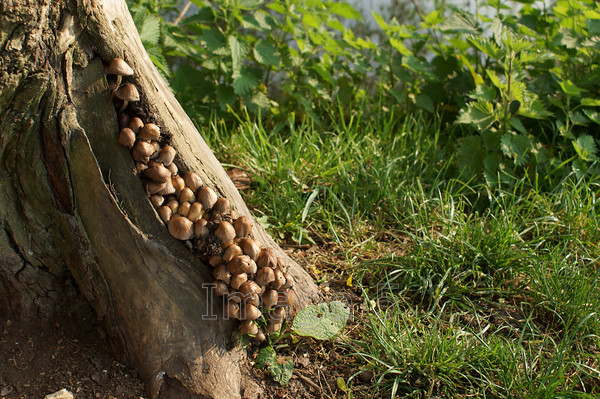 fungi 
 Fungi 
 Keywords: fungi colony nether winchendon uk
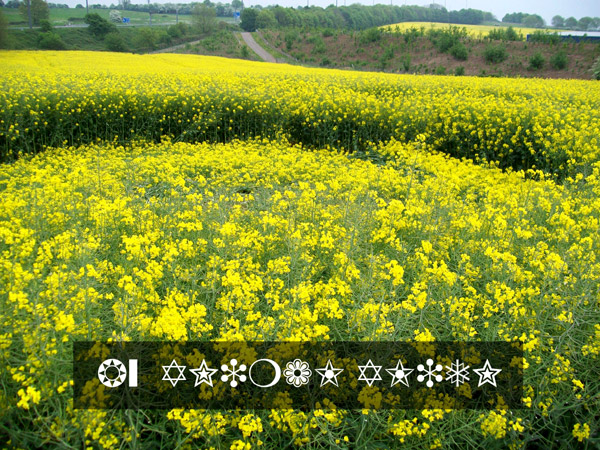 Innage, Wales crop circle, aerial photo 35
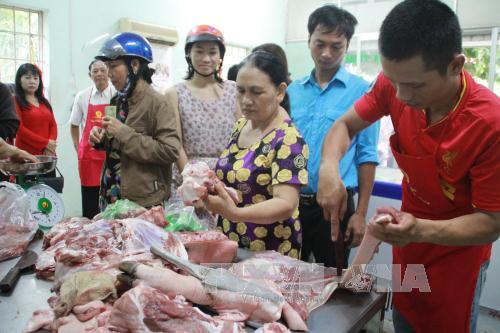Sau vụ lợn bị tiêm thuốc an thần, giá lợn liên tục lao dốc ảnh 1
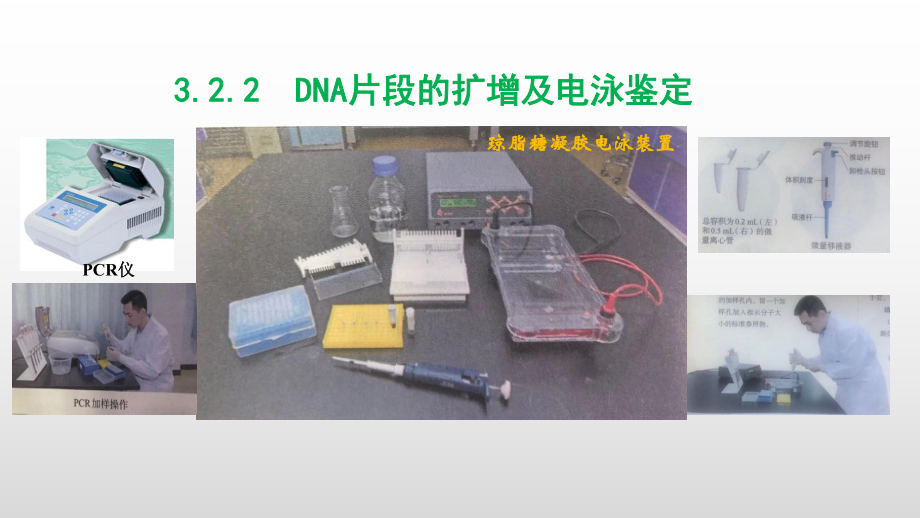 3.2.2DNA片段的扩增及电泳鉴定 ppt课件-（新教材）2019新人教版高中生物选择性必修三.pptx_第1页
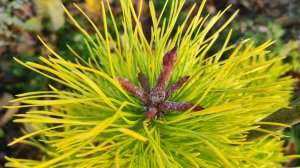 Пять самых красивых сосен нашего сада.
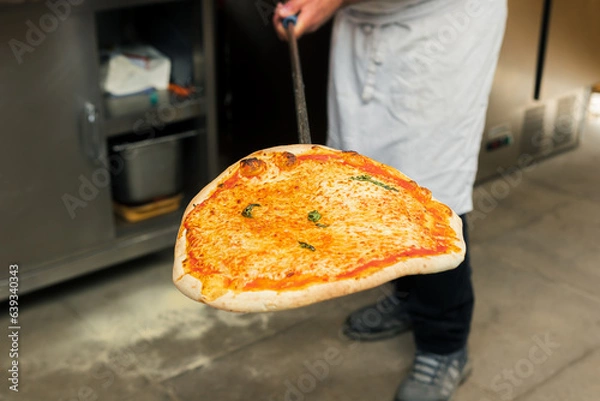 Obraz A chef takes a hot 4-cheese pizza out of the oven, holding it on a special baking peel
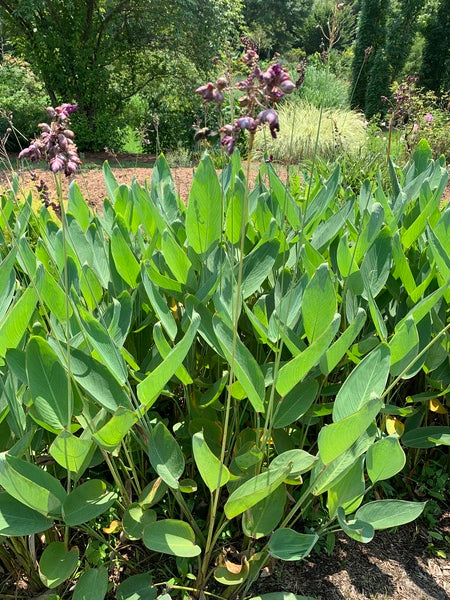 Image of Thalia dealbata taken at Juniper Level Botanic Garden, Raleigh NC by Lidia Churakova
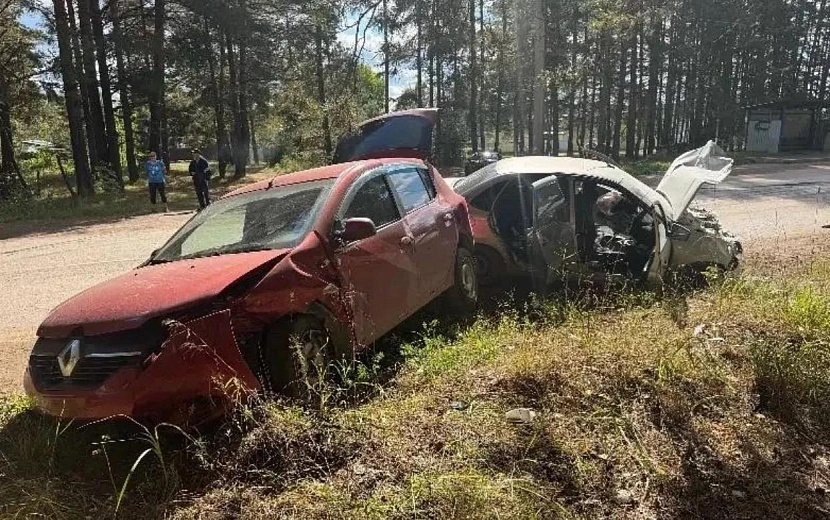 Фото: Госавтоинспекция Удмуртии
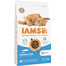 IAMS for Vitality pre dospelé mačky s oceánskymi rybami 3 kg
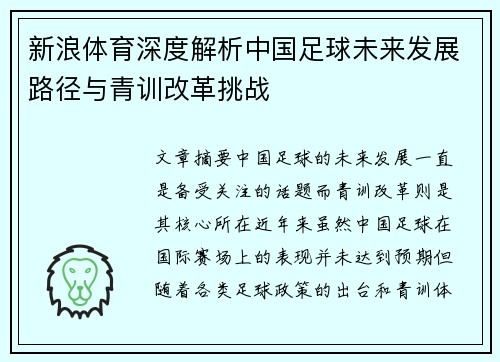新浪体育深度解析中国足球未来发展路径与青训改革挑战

---

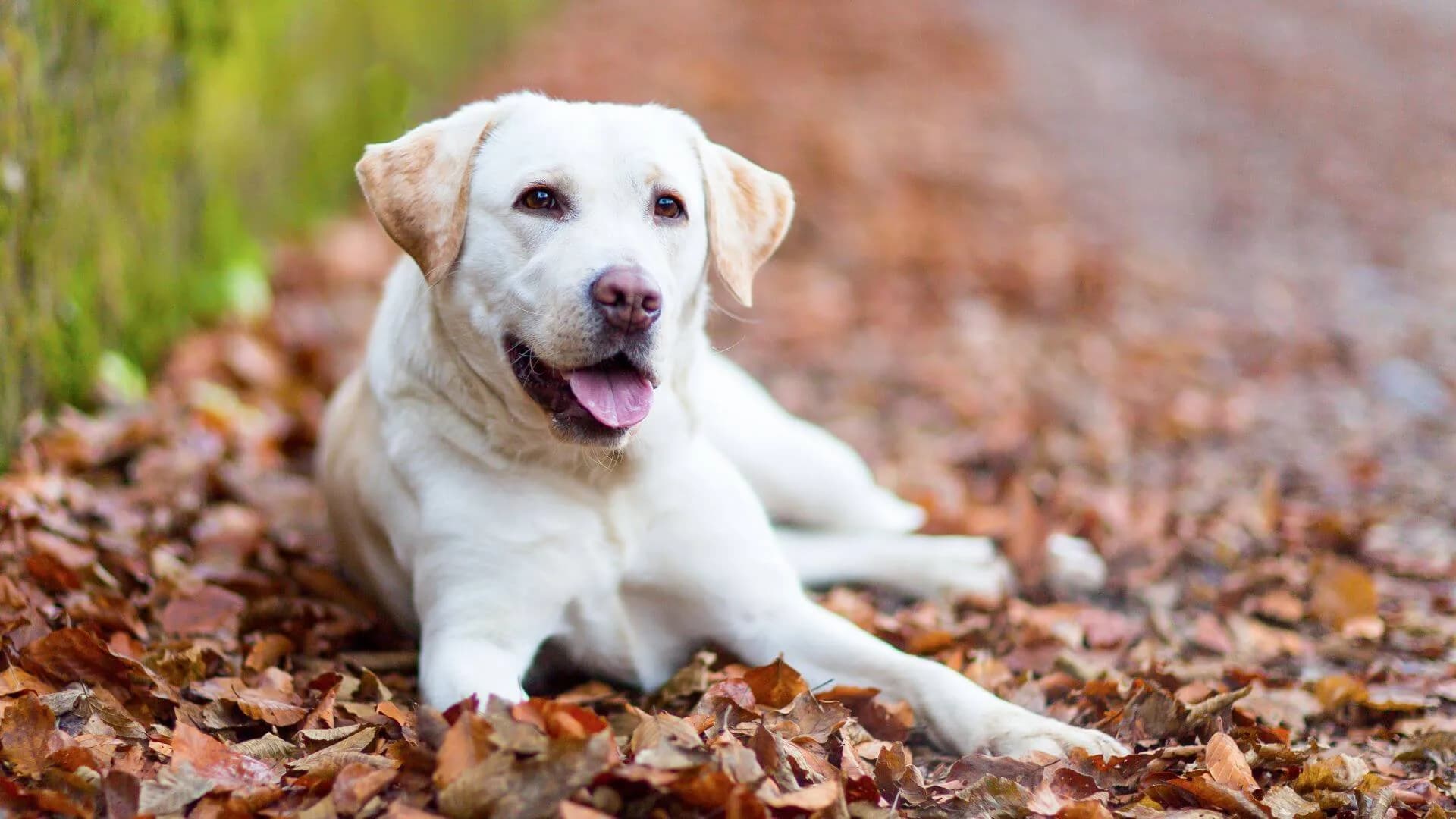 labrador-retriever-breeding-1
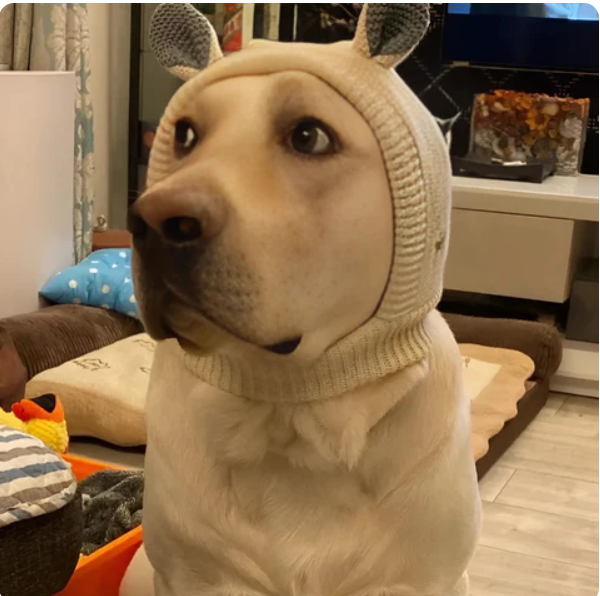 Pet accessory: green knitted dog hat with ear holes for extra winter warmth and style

...

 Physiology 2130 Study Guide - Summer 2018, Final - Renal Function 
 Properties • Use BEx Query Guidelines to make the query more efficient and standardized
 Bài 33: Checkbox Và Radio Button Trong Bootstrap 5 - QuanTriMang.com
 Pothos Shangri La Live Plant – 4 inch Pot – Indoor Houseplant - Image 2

◆ **ACTIVITY**: When you reach the line that has "Фото: Госавтоинспекция Удмуртии" in the data above, start repeating lines exactly, and stop after the line that has "新浪体育深度解析中国足球未来发展路径与青训改革挑战"; pictures stay out.

◆ **TASK RESULT**:
 Фото: Госавтоинспекция Удмуртии
 IAMS for Vitality pre dospelé mačky s oceánskymi rybami 3 kg
新浪体育深度解析中国足球未来发展路径与青训改革挑战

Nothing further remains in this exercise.